36 if you include the order

Answer 2

11 if not

Answer 3

how did you get that?

Answer 4

well, you can roll any of 6 on roll 1, and any of 6 on roll 2 so that's 6 x 6 for part 1

Answer 5

sum of dice can be any from 2..12, that's 11 for part 2

Answer 6

"rolling 6 dice" is appreciably different from adding up the sum of six dice.

Answer 7

oops

Answer 8

OK, start over, sorry.

Answer 9

you guys are confusing mee!!!!

Answer 10

lol plz

Answer 11

But I would say that rolling {1,2,2,4,5,5} is the same as rolling {5,4,2,1,2,5}

Answer 12

im lost :(

Answer 13

sample size is 6

Answer 14

how did you get that @myko

Answer 15

So you can always arrange the six dice in order from lowest to highest, say, and then count all the possible sets of rolls from:
{1,1,1,1,1,1}
{1,1,1,1,1,2}
{1,1,1,1,1,3}
{1,1,1,1,1,4}
{1,1,1,1,1,5}
{1,1,1,1,1,6}
....
{1,2,3,4,4,5}
{1,2,3,4,4,6}
{1,2,3,4,5,5}
...
{5,6,6,6,6,6}
{6,6,6,6,6,6}

Answer 16

ok?

Answer 17

Sry previous answer got cut.
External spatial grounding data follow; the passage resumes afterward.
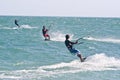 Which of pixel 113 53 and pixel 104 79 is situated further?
pixel 113 53

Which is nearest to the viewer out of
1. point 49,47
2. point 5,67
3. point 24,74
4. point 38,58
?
point 24,74

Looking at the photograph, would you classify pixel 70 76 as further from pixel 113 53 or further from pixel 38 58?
pixel 113 53

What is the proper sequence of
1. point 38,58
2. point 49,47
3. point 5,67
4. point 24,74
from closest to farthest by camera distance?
point 24,74 → point 5,67 → point 38,58 → point 49,47

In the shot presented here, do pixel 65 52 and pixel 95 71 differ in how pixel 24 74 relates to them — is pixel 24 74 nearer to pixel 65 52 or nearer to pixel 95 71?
pixel 95 71

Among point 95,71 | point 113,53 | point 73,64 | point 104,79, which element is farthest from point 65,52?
point 104,79

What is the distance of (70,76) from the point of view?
1836 centimetres

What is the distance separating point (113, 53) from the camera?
28375mm

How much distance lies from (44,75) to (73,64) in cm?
368

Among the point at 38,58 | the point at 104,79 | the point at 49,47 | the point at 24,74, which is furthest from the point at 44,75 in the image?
the point at 49,47

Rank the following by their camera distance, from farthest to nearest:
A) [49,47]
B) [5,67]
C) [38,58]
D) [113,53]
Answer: [49,47] → [113,53] → [38,58] → [5,67]

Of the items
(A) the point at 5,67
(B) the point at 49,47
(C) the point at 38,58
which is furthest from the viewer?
(B) the point at 49,47

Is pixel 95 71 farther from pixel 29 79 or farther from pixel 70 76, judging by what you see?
pixel 29 79

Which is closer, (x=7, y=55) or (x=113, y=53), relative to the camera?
(x=7, y=55)

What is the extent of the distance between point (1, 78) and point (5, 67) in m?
3.63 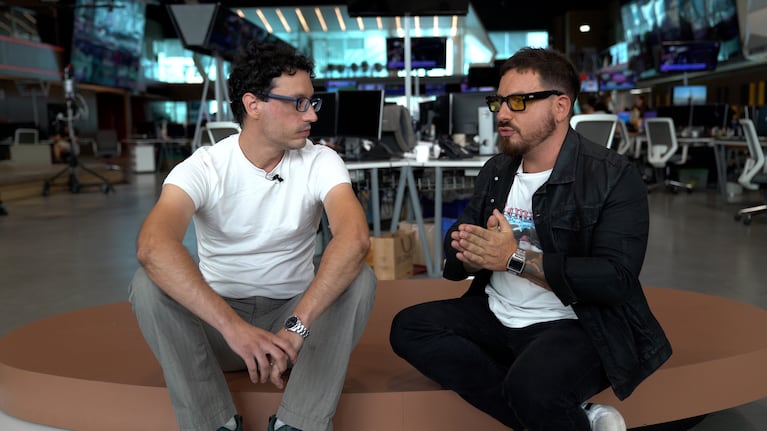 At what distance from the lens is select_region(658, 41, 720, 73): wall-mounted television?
13.3 metres

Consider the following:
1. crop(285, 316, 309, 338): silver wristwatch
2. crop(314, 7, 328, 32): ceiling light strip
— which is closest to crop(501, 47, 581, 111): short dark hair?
crop(285, 316, 309, 338): silver wristwatch

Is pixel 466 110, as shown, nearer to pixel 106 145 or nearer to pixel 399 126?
pixel 399 126

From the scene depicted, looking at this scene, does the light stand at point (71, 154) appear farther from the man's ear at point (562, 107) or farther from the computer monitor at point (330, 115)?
the man's ear at point (562, 107)

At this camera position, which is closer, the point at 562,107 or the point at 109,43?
the point at 562,107

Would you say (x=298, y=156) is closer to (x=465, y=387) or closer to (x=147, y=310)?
(x=147, y=310)

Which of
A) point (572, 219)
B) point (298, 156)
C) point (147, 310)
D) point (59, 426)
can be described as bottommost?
point (59, 426)

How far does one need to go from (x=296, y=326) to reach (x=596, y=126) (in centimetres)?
353

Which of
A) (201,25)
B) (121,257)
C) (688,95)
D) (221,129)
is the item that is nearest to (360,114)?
(221,129)

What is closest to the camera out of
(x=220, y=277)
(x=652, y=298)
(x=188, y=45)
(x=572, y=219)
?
(x=572, y=219)

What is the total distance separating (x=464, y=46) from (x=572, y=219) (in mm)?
19709

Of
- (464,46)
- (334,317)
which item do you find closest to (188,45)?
(334,317)

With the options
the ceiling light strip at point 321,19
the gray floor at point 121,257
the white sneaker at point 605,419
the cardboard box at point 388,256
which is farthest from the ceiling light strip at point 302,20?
the white sneaker at point 605,419

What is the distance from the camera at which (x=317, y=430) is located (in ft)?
5.55

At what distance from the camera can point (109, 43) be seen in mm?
21969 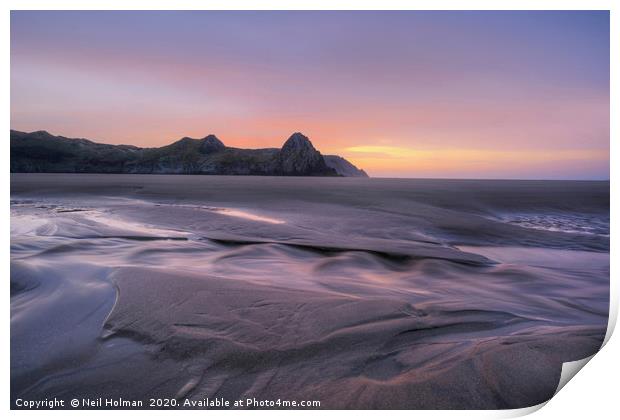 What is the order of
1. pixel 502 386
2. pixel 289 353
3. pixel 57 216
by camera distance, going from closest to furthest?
pixel 502 386 → pixel 289 353 → pixel 57 216

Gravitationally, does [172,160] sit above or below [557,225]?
above

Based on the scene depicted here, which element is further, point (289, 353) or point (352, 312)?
point (352, 312)

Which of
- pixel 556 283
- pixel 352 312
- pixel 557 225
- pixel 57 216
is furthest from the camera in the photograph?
pixel 557 225

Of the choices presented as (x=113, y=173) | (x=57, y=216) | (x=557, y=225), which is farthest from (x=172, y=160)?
(x=557, y=225)

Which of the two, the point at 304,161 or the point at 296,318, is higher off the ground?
the point at 304,161

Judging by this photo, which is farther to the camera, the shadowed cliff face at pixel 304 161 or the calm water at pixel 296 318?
the shadowed cliff face at pixel 304 161

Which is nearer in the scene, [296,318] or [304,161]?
[296,318]

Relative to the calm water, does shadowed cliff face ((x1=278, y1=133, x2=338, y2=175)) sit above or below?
above

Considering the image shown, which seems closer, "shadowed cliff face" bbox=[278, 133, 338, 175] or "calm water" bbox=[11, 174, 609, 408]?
"calm water" bbox=[11, 174, 609, 408]

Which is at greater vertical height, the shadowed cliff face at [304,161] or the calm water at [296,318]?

Sample space size is nummber of possible outcomes of an event. So: 6*6*6*6*6*6=6^6 if you count (1,2,3,4,5,6) and (6,5,4,3,2,1) as different outcomes.

Answer 18

okkkk

Answer 19

so im suppose to multiply 6*6

Answer 20

6^6

Answer 21

rolling dice 6 times

Answer 22

which is 36?

Answer 23

@myko ?

Answer 24

\[\large 6^6\]is much bigger than\[\large 6*6\]

Answer 25

\[6^{6}\]

Answer 26

so my answer is 6^6?

Answer 27

yes

Answer 28

kinda confusing lol but ok

Answer 29

imagine like when you throw a dice you write the result in the table, till complete the 6 cels. So how many different numbers of 6 digits could you get?